Faculty, Staff and Student Publications

Publication Date

2-6-2025

Journal

The Oncologist

Abstract

Background: The objective of this study was to develop and validate a radiomics-based machine learning (ML) model to differentiate between renal medullary carcinoma (RMC) and clear cell renal carcinoma (ccRCC).

Methods: This retrospective Institutional Review Board -approved study analyzed CT images and clinical data from patients with RMC (n = 87) and ccRCC (n = 93). Patients without contrast-enhanced CT scans obtained before nephrectomy were excluded. A standard volumetric software package (MIM 7.1.4, MIM Software Inc.) was used for contouring, after which 949 radiomics features were extracted with PyRadiomics 3.1.0. Radiomics analysis was then performed with RadAR for differential radiomics analysis. ML was then performed with extreme gradient boosting (XGBoost 2.0.3) to differentiate between RMC and ccRCC. Three separate ML models were created to differentiate between ccRCC and RMC. These models were based on clinical demographics, radiomics, and radiomics incorporating hemoglobin electrophoresis for sickle cell trait, respectively.

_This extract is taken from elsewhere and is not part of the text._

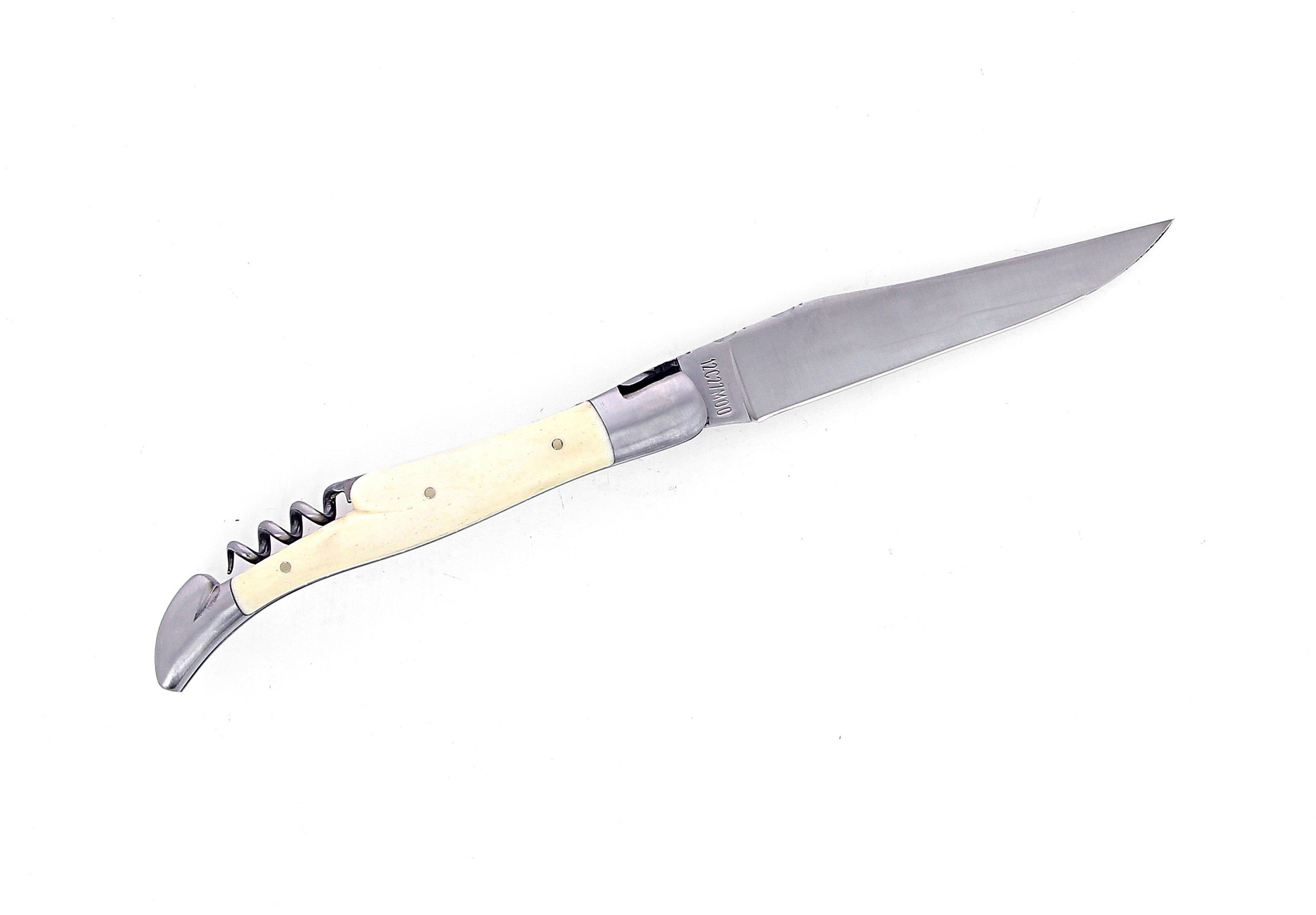 Couteau Laguiole pliant avec tire-bouchon, doubles platines, 12 cm, manche en os, mitres inox brossées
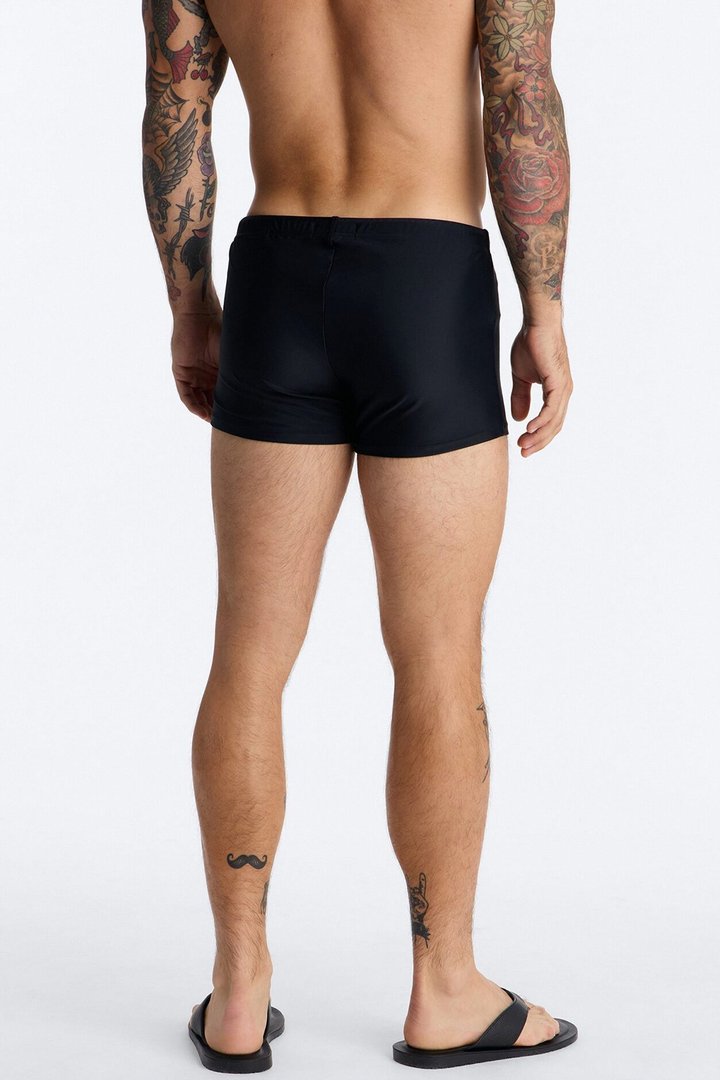 Boxy Fit Stretch Swim Brief - Black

Results: Performance metrics for the 3 developed ML models were as follows: demographic factors only (AUC = 0.777), calibrated radiomics (AUC = 0.915), and calibrated radiomics with sickle cell trait incorporated (AUC = 1.0). The top 4 ranked features from differential radiomic analysis, ranked by their importance, were run entropy (preprocessing filter = original, AUC = 0.67), dependence entropy (preprocessing filter = wavelet, AUC = 0.67), zone entropy (preprocessing filter = original, AUC = 0.67), and dependence entropy (preprocessing filter = original, AUC = 0.66).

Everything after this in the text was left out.